C’est donc un extraordinaire film que nous proposent les studios Disney, véritable œuvre artistique à mi-chemin entre la peinture et le cinéma d’animation, comme en témoignent certains plans fixes qui introduisent ou concluent certains éléments musicaux. Sans oublier une utilisation de la lumière et de l’ombre qui atteint ici certains sommets esthétiques. C’est le cas pour l’extraordinaire Nuit sur le Mont Chauve de Moussorgski (avant-dernière œuvre présentée) ou encore les balais dans l’Apprenti Sorcier de Dukas, qui voit pour la première fois Mickey Mouse (voix de Walt Disney) dans un long métrage.

Ce segment est très certainement celui dont tout le monde se souvient, la présence du rongeur aux gants à quatre doigts y étant pour beaucoup. Et il est difficile, aujourd’hui encore, de dissocier cette œuvre de Paul Dukas du film.

 

Autre segment quia fait la renommée du film : les dinosaures. Ou plutôt le Sacre du Printemps de Stravinsky. Bien sûr, on ne se souvient pas d’une quelconque mélodie (4) mais cette odyssée dans le passé de la Terre a un aspect aussi grandiose que le furent ces créatures. Et tant pis pour la vraisemblance : que l’archéoptéryx cohabite avec le tyrannosaure (seulemnt90 millions d’années les séparent, un instant dans l’histoire de la Terre…) ne gêne personne, et c’est tout à fait normal, nous sommes au cinéma !

Autre élément purement cinématographique : la Danse des Heures (Amilcare Ponchielli). C’est un incroyable ballet qui nous est ici proposé par Norman Ferguson et T. Hee, mélangeant allègrement les codes du ballet classique. Si les autruches font des danseuse acceptables, surtout grâce à leur longues pattes postérieures, avoir fait des éléphantes et des hippopotames des ballerines est là encore sublime : non seulement elles vont à l’encontre de ce qui se faisait (et se fait encore) dans les corps de ballet, mais en plus, l’intrigue joue sur leur présence mastoc, les jeunes danseurs étant des crocodiles dont la silhouette longiligne tranche avec celles des pachydermes.

 

Bref, c’est un festival, pour les oreilles comme pour les yeux, qui fera date dans le genre, et hissera ce film parmi les meilleurs – le meilleur pour ma part – des studios Disney.
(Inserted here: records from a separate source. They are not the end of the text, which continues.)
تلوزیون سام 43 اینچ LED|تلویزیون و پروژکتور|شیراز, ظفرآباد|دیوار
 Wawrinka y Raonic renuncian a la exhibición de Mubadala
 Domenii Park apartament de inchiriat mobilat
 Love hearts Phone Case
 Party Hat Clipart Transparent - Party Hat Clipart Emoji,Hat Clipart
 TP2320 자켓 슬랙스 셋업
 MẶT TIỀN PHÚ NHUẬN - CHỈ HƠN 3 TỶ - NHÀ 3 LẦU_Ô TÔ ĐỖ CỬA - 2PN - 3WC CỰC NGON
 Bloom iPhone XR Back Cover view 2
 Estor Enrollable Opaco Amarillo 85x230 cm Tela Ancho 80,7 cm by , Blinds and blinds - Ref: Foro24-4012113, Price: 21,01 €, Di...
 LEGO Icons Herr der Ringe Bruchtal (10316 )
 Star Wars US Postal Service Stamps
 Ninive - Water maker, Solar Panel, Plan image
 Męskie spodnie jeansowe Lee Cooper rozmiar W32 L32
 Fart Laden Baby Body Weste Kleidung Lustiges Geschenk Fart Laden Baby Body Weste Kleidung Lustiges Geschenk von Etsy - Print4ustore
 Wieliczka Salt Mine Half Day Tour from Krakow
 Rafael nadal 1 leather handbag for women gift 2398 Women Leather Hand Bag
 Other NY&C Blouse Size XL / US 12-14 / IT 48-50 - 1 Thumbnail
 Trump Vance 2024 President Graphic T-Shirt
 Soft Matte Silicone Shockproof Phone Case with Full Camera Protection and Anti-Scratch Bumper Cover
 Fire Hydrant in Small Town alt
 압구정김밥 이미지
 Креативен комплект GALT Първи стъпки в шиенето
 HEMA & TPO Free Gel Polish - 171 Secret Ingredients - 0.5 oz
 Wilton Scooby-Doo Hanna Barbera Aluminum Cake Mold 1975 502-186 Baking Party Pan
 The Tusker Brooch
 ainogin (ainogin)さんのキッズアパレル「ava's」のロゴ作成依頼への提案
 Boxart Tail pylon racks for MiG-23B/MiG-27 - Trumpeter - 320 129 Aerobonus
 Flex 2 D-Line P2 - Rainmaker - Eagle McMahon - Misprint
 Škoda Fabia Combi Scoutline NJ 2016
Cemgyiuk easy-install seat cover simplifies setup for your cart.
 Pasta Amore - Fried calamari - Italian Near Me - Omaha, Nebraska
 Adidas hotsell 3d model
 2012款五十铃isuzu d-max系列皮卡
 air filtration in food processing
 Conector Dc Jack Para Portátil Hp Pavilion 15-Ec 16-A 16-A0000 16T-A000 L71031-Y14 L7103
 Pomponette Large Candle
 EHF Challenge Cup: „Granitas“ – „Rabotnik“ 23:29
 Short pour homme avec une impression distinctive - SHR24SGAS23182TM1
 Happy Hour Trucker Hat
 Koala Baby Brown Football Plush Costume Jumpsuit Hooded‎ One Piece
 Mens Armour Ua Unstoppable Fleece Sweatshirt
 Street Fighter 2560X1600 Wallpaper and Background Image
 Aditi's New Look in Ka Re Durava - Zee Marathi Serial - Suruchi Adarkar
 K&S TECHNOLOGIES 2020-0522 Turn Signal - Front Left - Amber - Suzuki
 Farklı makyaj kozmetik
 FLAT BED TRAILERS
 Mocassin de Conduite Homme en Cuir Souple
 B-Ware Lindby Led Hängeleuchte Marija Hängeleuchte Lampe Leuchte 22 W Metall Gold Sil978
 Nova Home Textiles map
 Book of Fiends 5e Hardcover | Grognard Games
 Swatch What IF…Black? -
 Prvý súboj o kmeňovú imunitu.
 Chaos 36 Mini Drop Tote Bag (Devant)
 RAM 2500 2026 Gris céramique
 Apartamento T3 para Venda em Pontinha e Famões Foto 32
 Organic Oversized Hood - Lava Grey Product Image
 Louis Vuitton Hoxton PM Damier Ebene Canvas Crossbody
Certes, les arrangements de Stokowski d »es différentes œuvres présentées n’ont jamais été du goût de tous, mais pour ma part, même si je préfère les « originales », elles se placent dans le même cadre que tout le reste : au cinéma, tout est possible. Et il ne faut pas non p^lus négliger leur impact sur le public qui à travers ce film a pu découvrir une musique qui était un tantinet tombée en désuétude avec l’avènement du jazz.

 

Le jazz, d’ailleurs, est tout de même présent dans le film : avant de reprendre – il y a un entracte, comme au concert – les musiciens qui sont revenus se délassent improvisant une musique aux résonances jazzy. Pourquoi cet intermède « moderne » dans ce répertoire « classique » ? J’aurai tendance à penser que c’est pour montrer aux spectateurs rétifs au programme proposé que tous ces musiciens à l’apparence guindée sont comme eux : ils aiment aussi se délasser en écoutant quelque chose de plus décontracté…

 

Fantasia ? Un classique. Dans tous les sens du terme !

 

  1. Stokowski (1885-1977) !
  2. Deems Taylor était un chantre américain de la musique classique, son promoteur outre-Atlantique. Pas étonnant que Disney lui ait demandé d’assurer la présentation des différentes œuvres.